*** Block opens ***

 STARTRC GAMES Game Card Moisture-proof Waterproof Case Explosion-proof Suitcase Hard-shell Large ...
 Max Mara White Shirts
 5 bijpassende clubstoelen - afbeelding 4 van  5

*** Block closes ***
*** Block opens ***

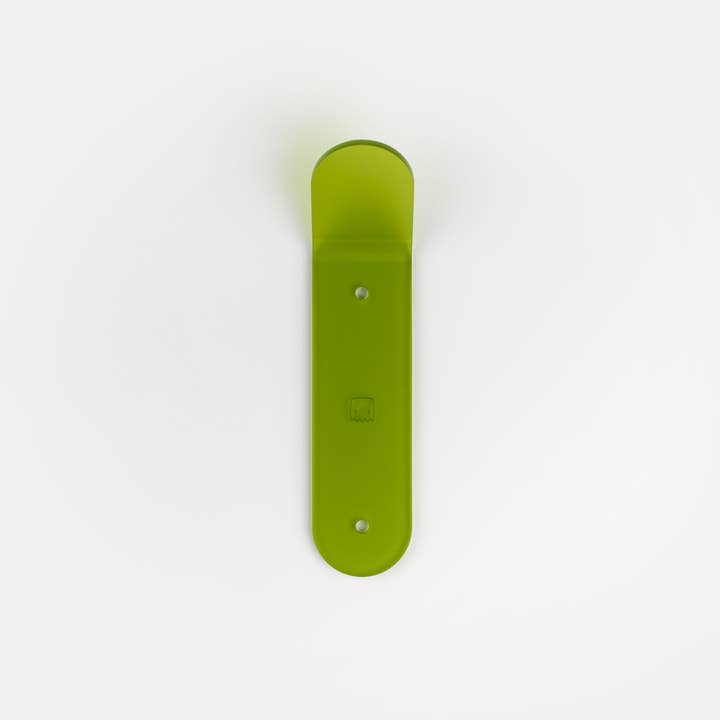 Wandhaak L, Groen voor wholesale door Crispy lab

*** Block closes ***

# [WORK REQUIRED]
Out of the listing above, reproduce exactly the lines from the one with "STARTRC GAMES Game" up to and including the one with "5 bijpassende clubstoelen".

# [PROBLEM SOLUTION]
 STARTRC GAMES Game Card Moisture-proof Waterproof Case Explosion-proof Suitcase Hard-shell Large ...
 Max Mara White Shirts
 5 bijpassende clubstoelen - afbeelding 4 van  5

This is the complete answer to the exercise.